Keza rakı, misket limonu suyu, sakız şurubu ve maden suyu ile yapılan Rakı Cobbler, maden suyu hariç niye bir karışım olarak şişeye giremesin, bol buz ve maden suyu ilavesiyle barları fethedemesin?
Rakı ile çilek, limon ve portakal suları kullanılarak yapılan Chilexi de, niye çilek püreli ve votkalı XuXu içkisi gibi çok satan bir içkiye hayat vermesin?

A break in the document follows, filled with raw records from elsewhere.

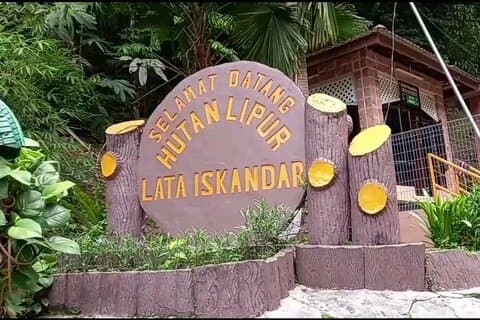 Cameron Highland Tagesausflug von Kuala lumpur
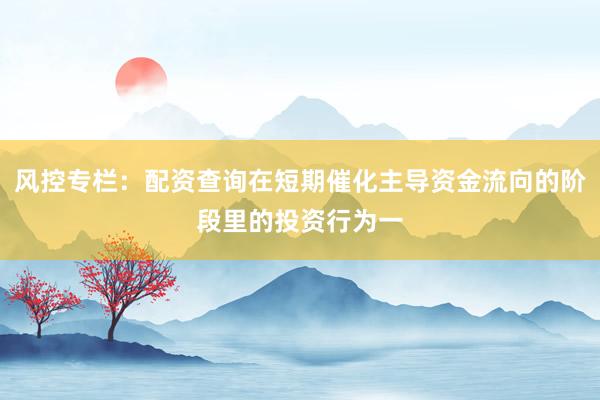 风控专栏：配资查询在短期催化主导资金流向的阶段里的投资行为一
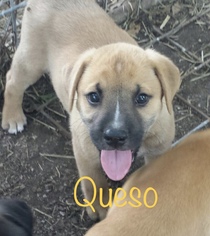 Medium Photo #1 Black Mouth Cur-Unknown Mix Puppy For Sale in Thorndale, TX, USA
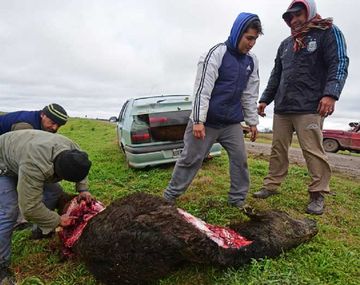 Carnearon a los animales en la ruta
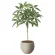 光触媒 人工観葉植物 造花 ナチュラルパキラ90 (高さ90cm) (2408A215)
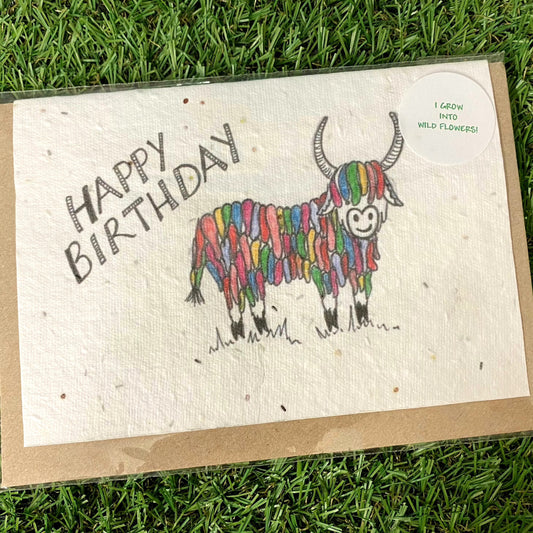 Seed Paper Greeting Card, Rainbow Highland Cow
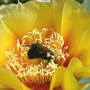 Opuntia compressa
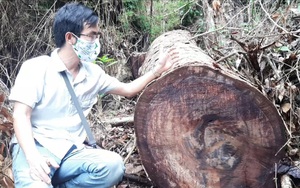 Chủ tịch UBND tỉnh Hà Giang vào hiện trường vụ phá rừng nghiến ở Vườn Quốc gia Du Già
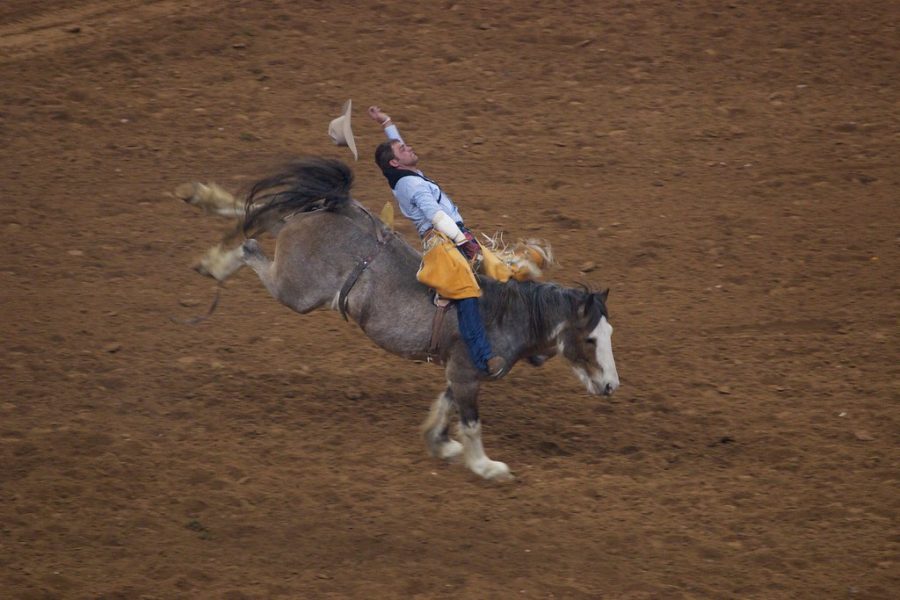 Houston+Rodeo+and+Livestock+show+by+p_a_h+is+licensed+under+CC+BY+2.0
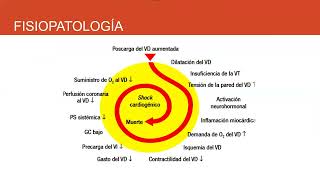 TROMBOEMBOLISMO PULMONAR cardio [upl. by Merilee]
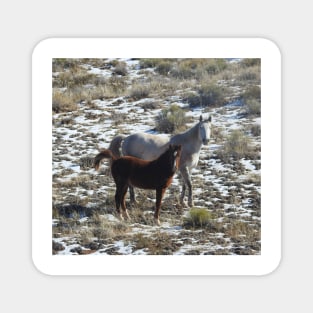 Wild horses, wildlife, gifts, desert, Arizona Magnet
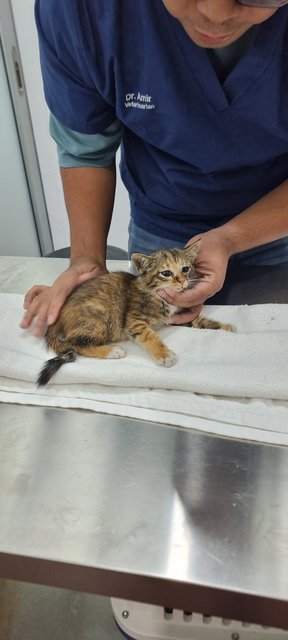 Baby - Domestic Medium Hair + Calico Cat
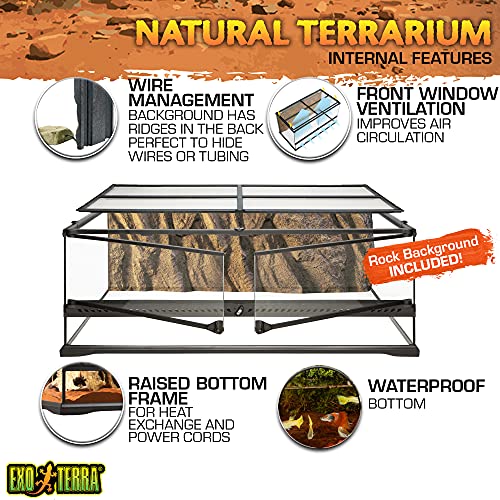 EXO TERRA Exoterra Terrario Grande Low de 121 L, 90 x 45 x 30 cm, 90x45x30 cm (Paquete de 1)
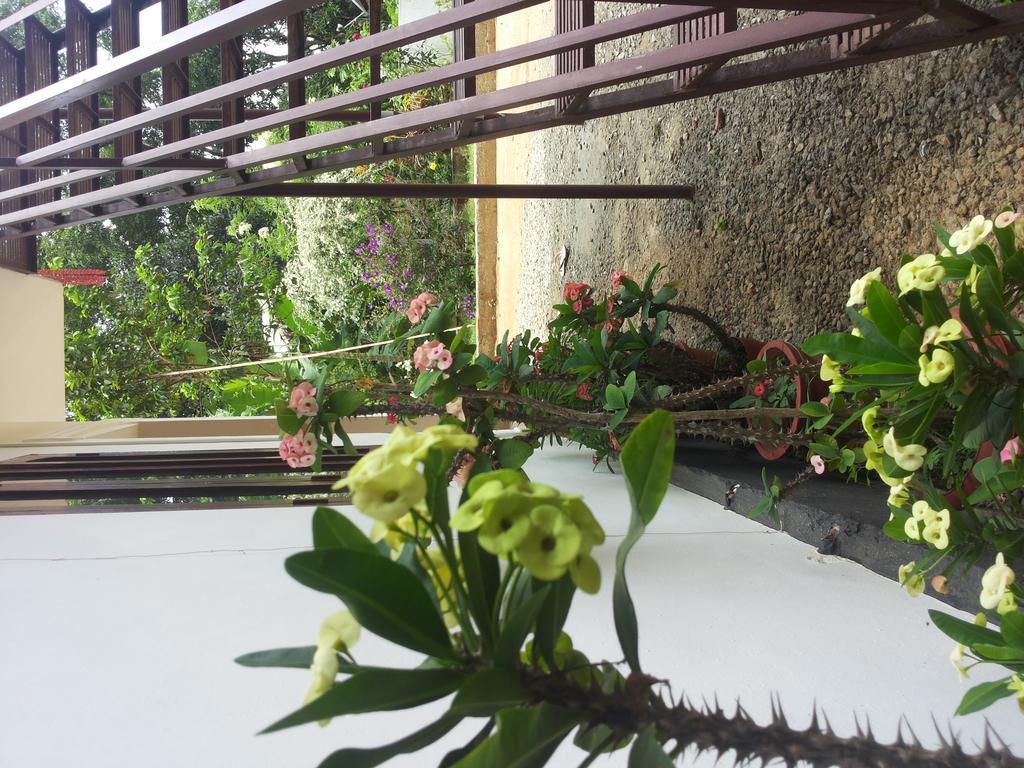 Athens Cottage Munnar Bagian luar foto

Rakının dünyanın en şahsiyetli ve dikkafalı içkisi olduğu, yanına hiçbir eşlikçi kabul etmediği, dizginlenemez bir yaban atı gibi hiçbir tatla yan yana gelemediği, hep kendimizin söyleyip kendimizin dinlediği “şehir efsaneleri”... Rakıyı ayranla, maden suyuyla, hatta limon suyuyla içenlerin sayısı hiç de az değil ve hayatlarından da pek memnunlar.
Ey rakıcılar... “Milli içkimiz”in musluğunu elinde tutanlar... Dünyada rakı gibi lezzetini sadece anason gibi tek bir maddeden alan yalınkat içki kalmadı. Kaldıysa bile ülke sınırlarının içine hapsoldu, satışları yıldan yıla azaldı.
Günümüzün bol lezzetli, bol aromalı dünyasında viski gibi “ağır” içkiler bile daha geniş kitlelere ulaşmak için onlarca kılığa bürünüyor, Fransızların asil konyağı dahi greyfurt sularıyla, pasyon meyvesi şuruplarıyla, tarçın özleriyle, hatta votka ile aynı şişeye giriyor.
Benzer bir şans, rakı için de artık tanınmalı... Mesele anason üreticisini korumak ise, “Aromalı rakılarda anason esansı kullanılamaz, anason tohumunun damıtılarak kullanılması şarttır” diye tek cümlelik bir madde işi çözmeye yeter...
Frankfurt’ta yaşayan Türk barmenler Fatih Akerdem ile Ahmet Ayberk, geliştirdikleri kokteyller ile “Rakı sadece suyla içilir” düşüncesini sarsıyor.